The crawler is optimized for speed, to generate as accurate snapshots as possible. It starts from the (configurable) bootstrap nodes, polls their buckets and continues to connect to every peer it has not seen so far.
For an in-depth dive and discussion to the crawler and the obtained results, you can watch @scriptkitty's talk at ProtocolLabs:
To run a single crawl simply do:
make build
./start_crawl
Important note: We ship the pre-images necessary for a successful crawl, but you can compute them yourself with make preimages
.
Note that the preimages only have to be computed once, it'll take some minutes, to compute them, though.
start_crawl
will be created at build time.
One crawl will take 5-10 minutes, depending on your machine.
For multiple crawls, use the autocrawl.sh
script instead of start_crawl
in the last line. It takes a duration in days and an optional directory to put logs into.
Note that there will be a lot of output on your disk, one week of crawling (without logs) can lead to 30-50GB of data!
The complete workflow is:
make build
./autocrawl [-l logdir] <crawl duration in days>
After running a few crawls, the output_data_crawls
directory should have some data in it. The directory will be created if it does not exist.
To run the evaluation and generate the same plots/tables as in the paper (and more!) you have the option to run it via Docker or manually.
We've compiled the details here
If configured, the crawler will cache the nodes it has seen. The next crawl will then not only start at the boot nodes but also add all previously reachable nodes to the crawl queue. This can increase the crawl speed, and therefore the accuracy of the snapshots, significantly.

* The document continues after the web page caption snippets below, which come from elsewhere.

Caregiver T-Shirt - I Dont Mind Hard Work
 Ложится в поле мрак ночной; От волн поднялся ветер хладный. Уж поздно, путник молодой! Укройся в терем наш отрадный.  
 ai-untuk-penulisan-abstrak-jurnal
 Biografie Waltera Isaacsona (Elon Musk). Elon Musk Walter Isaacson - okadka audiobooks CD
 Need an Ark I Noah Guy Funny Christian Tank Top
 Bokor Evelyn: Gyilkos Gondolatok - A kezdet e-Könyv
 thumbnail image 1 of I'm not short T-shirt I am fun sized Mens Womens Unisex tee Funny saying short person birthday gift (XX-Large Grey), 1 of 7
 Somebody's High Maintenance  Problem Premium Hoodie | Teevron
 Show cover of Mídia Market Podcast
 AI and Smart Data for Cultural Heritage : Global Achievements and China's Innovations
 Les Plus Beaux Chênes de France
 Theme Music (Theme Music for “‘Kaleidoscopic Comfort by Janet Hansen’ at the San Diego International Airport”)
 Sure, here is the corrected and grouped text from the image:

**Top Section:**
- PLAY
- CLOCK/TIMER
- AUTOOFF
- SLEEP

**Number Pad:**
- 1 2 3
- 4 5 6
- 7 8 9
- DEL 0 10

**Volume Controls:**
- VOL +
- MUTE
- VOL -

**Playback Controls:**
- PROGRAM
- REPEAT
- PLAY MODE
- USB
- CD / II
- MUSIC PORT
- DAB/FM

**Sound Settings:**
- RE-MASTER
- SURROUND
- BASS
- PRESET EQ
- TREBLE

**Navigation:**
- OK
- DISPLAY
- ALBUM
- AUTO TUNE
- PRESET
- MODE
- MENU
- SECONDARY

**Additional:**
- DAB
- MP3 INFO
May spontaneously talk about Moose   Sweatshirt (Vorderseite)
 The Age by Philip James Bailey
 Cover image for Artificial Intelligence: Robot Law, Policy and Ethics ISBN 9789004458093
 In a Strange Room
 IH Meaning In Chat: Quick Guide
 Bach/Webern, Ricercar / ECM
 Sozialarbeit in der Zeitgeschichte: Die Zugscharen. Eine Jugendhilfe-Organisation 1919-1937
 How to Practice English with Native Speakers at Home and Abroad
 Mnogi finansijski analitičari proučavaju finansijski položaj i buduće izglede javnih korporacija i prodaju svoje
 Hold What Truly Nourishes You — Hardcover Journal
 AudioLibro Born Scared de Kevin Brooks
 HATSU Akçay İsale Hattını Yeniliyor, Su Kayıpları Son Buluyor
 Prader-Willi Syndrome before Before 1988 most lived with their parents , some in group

Due to node churn, this setting is most reasonable when performing many consecutive crawls.
This property is enabled by default and will store the nodes in a file called nodes.cache
.
The crawler enumerates the nodes in the network, but without ground truth it is hard to assess the quality and completeness of a crawl.
Therefore, it might be desireable to check whether some known IPFS-nodes appear in the crawl.
If configured, the crawler will check if it has seen the nodes listed in configs/cannary.txt
. These can be well-known nodes, such as the ipfs.io-gateway, or self-run nodes, specifically started for the purpose of sanity checking the results.
Two files:
visitedPeers_<start_of_crawl_datetime>_<end_of_crawl_datetime>.json
peerGraph_<start_of_crawl_datetime>_<end_of_crawl_datetime>.csv
The dateformat is dd-mm-yy--H:M:S, where hours are in 24h format. For example, a crawl on the 20th of march 2020 that started at 11:58:17 and ended at 12:04:11:
visitedPeers_20-03-20--11:58:17_20-03-20--12:04:11.json
visitedPeers
contains a json structure with meta information about the crawl as well as each found node.
Each node entry corresponds to exactly one node on the network and has the following fields:
{
"NodeID": "<multihash of the node id>",
"MultiAddrs": ["<multiaddress_1>", "<multiaddress_2>", "<multiaddress_n>"],
"reachable": "<whether our crawler could connect to the peer>",
"agent_version": "<if a connection was successful, the agent version string>"
}
The NodeID is a multihash, the addresses a peer advertises are multiaddresses.
reachable
is true/false and indicates, whether the respective node could be reached by the crawler or not. Note that the crawler will try to connect to all multiaddresses that it found in the DHT for a given peer.
agent_version
is simply the agent version string the peer provides when connecting to it.
Data example:
{
"NodeID": "QmdGQGa1oJSqNekVinX3Vym4wXgwTnNbGHcW564pkkQzv8",
"MultiAddrs": [
"/ip4/192.168.1.3/tcp/4001",
"/ip6/::1/tcp/4001",
"/ip4/127.0.0.1/tcp/4001"
],
"reachable": true,
"agent_version": "go-ipfs/0.4.20/"
}
peerGraph
is an edgelist, where each line in the file corresponds to one edge. A line has the form
source multihash;target multihash;<target reachable?>
Two nodes are connected, if the crawler found the peer target multihash
in the buckets of peer source multihash
.
Example line:
QmY4N2q3kShvDnMy928SphJRXDEdAcJVDq5sjM5qLsnyHj;QmRXvASjWxqzPFDSvsqyzt9p6DyWNgZ8tVNqgNA4PTw1vk;false
which says that the peer with ID QmY4N...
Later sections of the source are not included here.